The Department of Physics and Astronomy at The University of Southern Mississippi has achieved yet another scientific accomplishment. Researchers in the department are attempting to detect radiation in order to discover how air chemistry is altered due to the presence of radiation.
“These research efforts are in response to the growing concerns over radiological safety and terrorism,” said department chair Chris Winstead. “Our idea is to actually use the air itself as a means of detecting the radiation.”
The Southern Miss Department of Physics and Astronomy is exploring opportunities to cultivate broad capabilities in laser and optical physics to enrich its educational and research activities.

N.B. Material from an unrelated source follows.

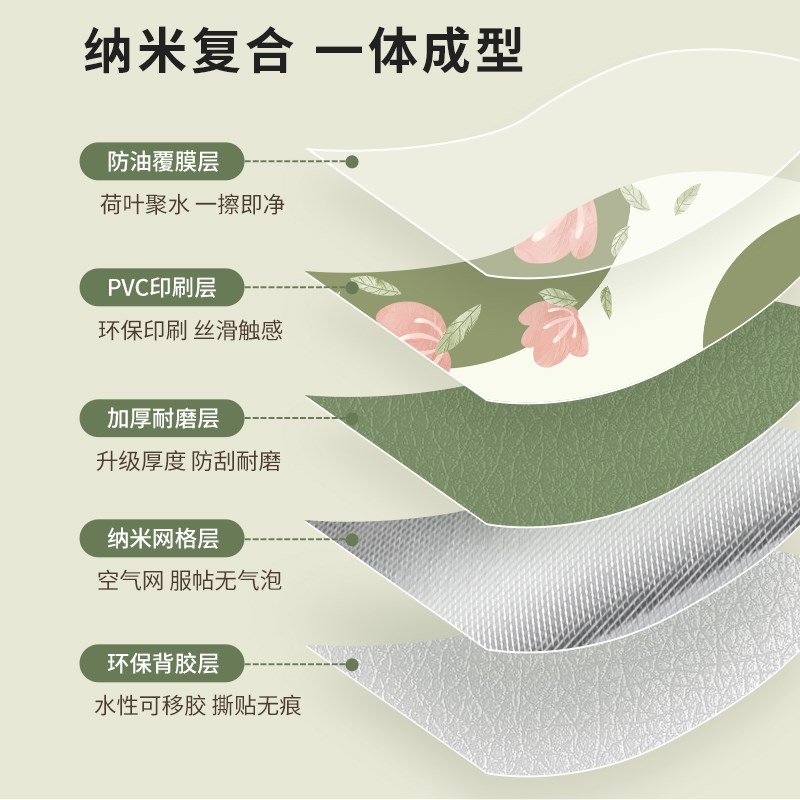 门贴纸卧室门翻新自粘防水加厚贴门壁纸旧门创意改造遮Z丑全包贴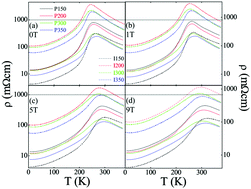 Charge Transport Mechanisms In Sol Gel Grown La0 7pb0 3mno3 Laalo3 Manganite Films Physical Chemistry Chemical Physics Rsc Publishing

Funded research in the department currently supports the development of optical devices, optical materials and the application of lasers for sensitive spectroscopic measurements. Researchers hope to accomplish detection innovations that will provide more effective alternatives.
Now, however, to measure contamination threats, first responders must wear protective gear as shields against radiation. In the future, researchers hope to refine this detection method by using lasers to detect atmospheric changes from a distance. Winstead said he believes researchers are growing closer every day.
“We hope to have this technology in place so that if there were some sort of incident, we could protect the first responders who go in and have to assess the situation and protect the public from contamination,” Winstead said.
If Winstead and his research team can find accurate targets, they can take existing technology such as LIDAR (a technology used to measure distances) and measure radiation from much farther away than what is currently possible.
“By the end of this leg of research, we’ll be able to show quantitative measurements over a number of chemical products from the radiation source in our vacuum chamber here,” said Tyler Reese, a graduate researcher.